Wednesday 2 December 2009

British Finance team storms out of EU banking negotiations

Apparently our esteemed finance team had a hissy fit and walked out of the negotiations on financial supervision (by the EU and their new Napoleon) because the French are delighting in emasculating our City.

Funny that these incompetents didn't see this coming, isn't it? What did they expect?

OpenEurope reports:
UK "storms out" out of negotiations over new EU financial regulator;
Sarkozy: For the first time a French Commissioner is in charge of the City of London

EU Finance Ministers will today discuss the formation of a new EU-wide system of financial supervision, including the creation of three new EU authorities with the mandate to overrule national regulators on issues such as shortselling and the recapitalisation of banks. The authorities would also have the power to supervise and intervene in individual firms - moves which the UK is said to resist.

The UK stalled negotiations in October on the three new authorities as Alistair Darling wanted the EU to clarify exactly what powers the new authorities would have if a member state failed to implement decisions taken by the bodies. The UK also wanted all decisions taken by unanimity, Euractiv reports. However, the site reports that EU diplomats believe that Britain is isolated and that the remaining 26 member states will give the new authorities their full support. "Mainly ministers will be asking what kind of majorities will be needed in the new supervisory bodies," one EU diplomat is quoted saying.

Comments made yesterday by Nicolas Sarkozy have added to fears that the proposed architecture, in combination with the appointment of French protectionist Michel Barnier as the next Internal Market Commissioner, will damage the City of London.

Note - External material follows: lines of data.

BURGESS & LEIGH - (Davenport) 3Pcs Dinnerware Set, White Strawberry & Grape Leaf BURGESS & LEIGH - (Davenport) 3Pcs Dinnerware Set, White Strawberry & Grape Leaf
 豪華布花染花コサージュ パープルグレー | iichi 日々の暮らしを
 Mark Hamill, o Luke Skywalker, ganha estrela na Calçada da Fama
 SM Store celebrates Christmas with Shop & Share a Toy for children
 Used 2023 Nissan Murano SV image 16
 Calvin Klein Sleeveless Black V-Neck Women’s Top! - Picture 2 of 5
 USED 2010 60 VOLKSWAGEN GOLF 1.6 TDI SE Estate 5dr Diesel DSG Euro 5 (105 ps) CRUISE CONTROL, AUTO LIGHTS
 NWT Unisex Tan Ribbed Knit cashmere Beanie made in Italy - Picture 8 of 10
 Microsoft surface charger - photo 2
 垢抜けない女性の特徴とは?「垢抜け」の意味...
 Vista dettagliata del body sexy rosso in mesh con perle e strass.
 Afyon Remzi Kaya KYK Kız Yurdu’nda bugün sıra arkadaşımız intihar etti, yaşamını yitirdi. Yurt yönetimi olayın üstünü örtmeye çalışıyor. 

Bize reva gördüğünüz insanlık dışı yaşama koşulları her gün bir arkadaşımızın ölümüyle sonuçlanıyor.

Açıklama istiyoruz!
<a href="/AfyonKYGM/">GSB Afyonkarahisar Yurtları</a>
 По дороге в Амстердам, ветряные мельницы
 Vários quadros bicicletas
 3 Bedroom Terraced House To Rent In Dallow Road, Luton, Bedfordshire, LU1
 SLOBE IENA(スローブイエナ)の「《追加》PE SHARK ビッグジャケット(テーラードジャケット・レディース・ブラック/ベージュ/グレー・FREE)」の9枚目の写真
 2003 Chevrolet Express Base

Sarkozy said yesterday: "Do you know what it means for me to see for the first time in 50 years a French European commissioner in charge of the internal market, including financial services, including the City [of London]? I want the world to see the victory of the European model, which has nothing to do with the excesses of financial capitalism".

Dutch daily NRC reports that "the British are so angry about Sarkozy's triumphalism that they are blocking negotiations on EU banking supervision...The atmosphere has been so poisoned that the British, who think that supervision damages their City, have stormed out of the negotiations, according to an eye witness".

Writing in the Times, Alistair Darling argues, "We must resist measures, however superficially alluring, that could undermine the effective functioning of our cherished single market. National supervisors, such as the FSA, must remain responsible for supervising individual companies. Making companies directly accountable to more than one authority is a recipe for confusion."

In a debate in the House of Commons last night, Shadow Treasury Minister Mark Hoban criticised the Government for not being more active in the formulation and scrutiny of the new proposals. He said: "I'm not optimistic of the Government's chances in insisting on its red lines because I think the Government has repeatedly left debating these matters until too late in the process."



Anonymous said...

If our political elite wish to retain control over the city, then storming out of the EU is the only option. We're through with token gestures such as these. And if the Tories want the city preserved, they know what to do - repeal the European Communities Act 1972 especially the treacherous and unpatriotic Section 2(4).

Anonymous said...

Prole, Vince Cable admitted on the Daily Politics yesterday that Cameron need not be bound by the deeds of this parliament - he can repeal Lisbon as if it never happened.

We know that.

Cameron won't do it, though. His head is firmly buried in the sand.

Still, the Tories are wedded to the City, so I expect they'll have some tricks up their sleeves.

The Pub Consultancy Service said...

Not negotiating earlier enough or ignoring the detail until later is something the Brits are good at, 'alright on the night' is the expression. It happened in my Industry with the new Licensing Act. Our negotiators took a decision not to talk cost or a change to LA control, so as not to hold up the process and we got shafted on both.

Lets get out whilst we still have our 'shirts'.